There could be enough negative reflexivity to keep earnings muted. More unwinds could happen.
Remember, bear market rallies are as aggressive as the selloffs. And the market participants that demanded liquidity during the selloff won't demand it again.
WHEN Will The Market Bottom?
That's the real question, isn't it?
As I write this, the Fed has promised an unlimited backstop on credit facilities.
The US Congress is (shocker) dragging its feet to push through a fiscal response.
You'd think that we will bounce on that news, right?
I don't think so. I think it will come on some random day not driven by newsflow. The markets will bottom before US COVID numbers peak.

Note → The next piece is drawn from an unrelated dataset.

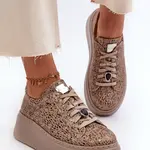 Kožené sportovní boty na platformě Maciejka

Analysis and trading are not the same thing. As a trader, you don't have to nail the exact bottom to make profits in this market... opportunities will exist 3 months and 3 years from now.
Here's what I'm telling myself...
1. Don't short the first countertrend bounce.
2. Not all stocks are going to make it out of this, so index bets are simpler here.
3. Short vol is now a less crowded space, and will be for a long time.